Action item
The answer is the full listing below, copied exactly, with its pictures omitted.

Given data
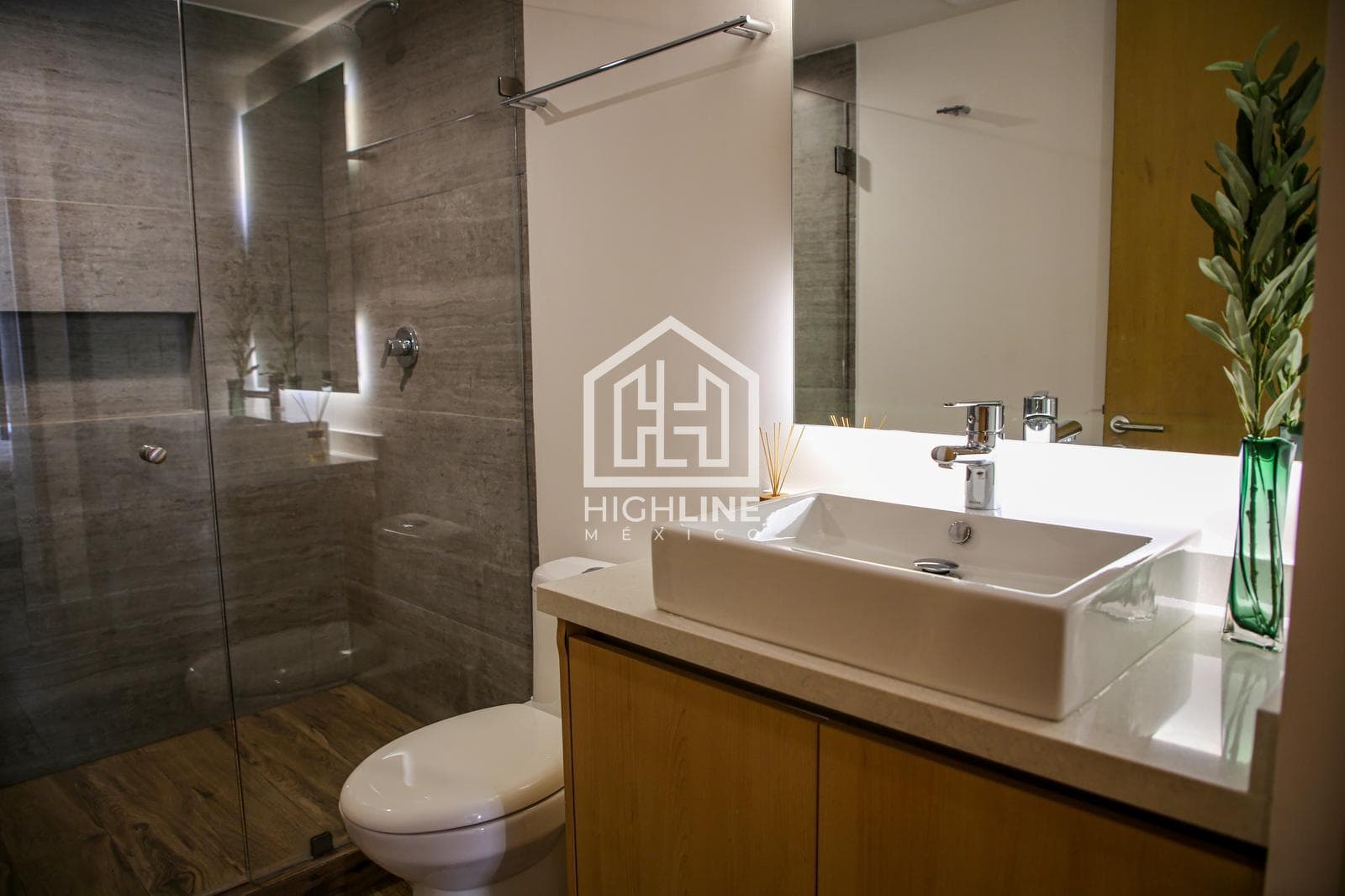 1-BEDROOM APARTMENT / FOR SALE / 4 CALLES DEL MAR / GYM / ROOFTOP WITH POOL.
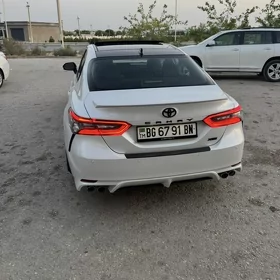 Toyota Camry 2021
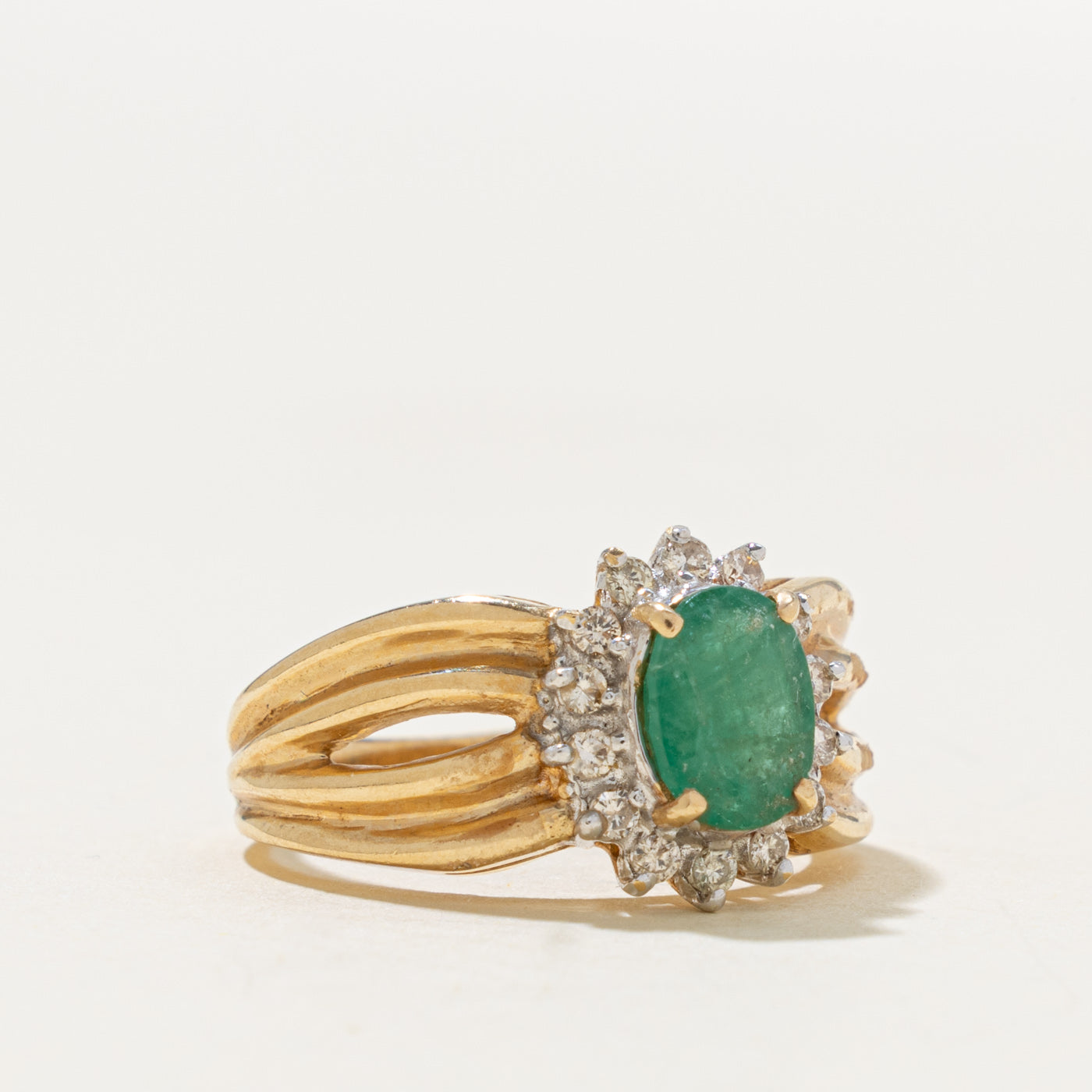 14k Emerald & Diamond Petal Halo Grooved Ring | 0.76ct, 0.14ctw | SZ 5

Response box
 1-BEDROOM APARTMENT / FOR SALE / 4 CALLES DEL MAR / GYM / ROOFTOP WITH POOL.
 Toyota Camry 2021
 14k Emerald & Diamond Petal Halo Grooved Ring | 0.76ct, 0.14ctw | SZ 5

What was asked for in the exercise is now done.